Stored records:

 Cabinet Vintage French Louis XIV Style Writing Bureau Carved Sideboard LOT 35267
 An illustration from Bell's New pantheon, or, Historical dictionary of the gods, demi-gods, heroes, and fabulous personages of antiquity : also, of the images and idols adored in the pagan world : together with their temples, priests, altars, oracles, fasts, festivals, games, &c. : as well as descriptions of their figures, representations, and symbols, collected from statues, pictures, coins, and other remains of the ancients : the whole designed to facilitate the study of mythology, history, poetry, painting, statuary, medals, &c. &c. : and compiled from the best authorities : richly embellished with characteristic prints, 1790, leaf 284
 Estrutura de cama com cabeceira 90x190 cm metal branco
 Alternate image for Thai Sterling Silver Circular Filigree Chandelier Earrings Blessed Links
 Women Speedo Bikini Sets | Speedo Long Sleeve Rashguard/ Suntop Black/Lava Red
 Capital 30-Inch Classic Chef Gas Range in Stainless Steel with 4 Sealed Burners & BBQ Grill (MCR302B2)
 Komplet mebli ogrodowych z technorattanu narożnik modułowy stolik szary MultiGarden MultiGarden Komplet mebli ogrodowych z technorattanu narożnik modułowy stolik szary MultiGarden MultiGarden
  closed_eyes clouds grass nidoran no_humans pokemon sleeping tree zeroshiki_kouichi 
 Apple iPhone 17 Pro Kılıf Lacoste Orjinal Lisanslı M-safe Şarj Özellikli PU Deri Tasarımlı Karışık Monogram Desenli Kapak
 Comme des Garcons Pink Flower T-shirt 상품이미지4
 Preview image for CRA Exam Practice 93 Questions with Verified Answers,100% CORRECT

Task:
Show all lines from the data that contain "with".

Task result:
 An illustration from Bell's New pantheon, or, Historical dictionary of the gods, demi-gods, heroes, and fabulous personages of antiquity : also, of the images and idols adored in the pagan world : together with their temples, priests, altars, oracles, fasts, festivals, games, &c. : as well as descriptions of their figures, representations, and symbols, collected from statues, pictures, coins, and other remains of the ancients : the whole designed to facilitate the study of mythology, history, poetry, painting, statuary, medals, &c. &c. : and compiled from the best authorities : richly embellished with characteristic prints, 1790, leaf 284
 Capital 30-Inch Classic Chef Gas Range in Stainless Steel with 4 Sealed Burners & BBQ Grill (MCR302B2)
 Preview image for CRA Exam Practice 93 Questions with Verified Answers,100% CORRECT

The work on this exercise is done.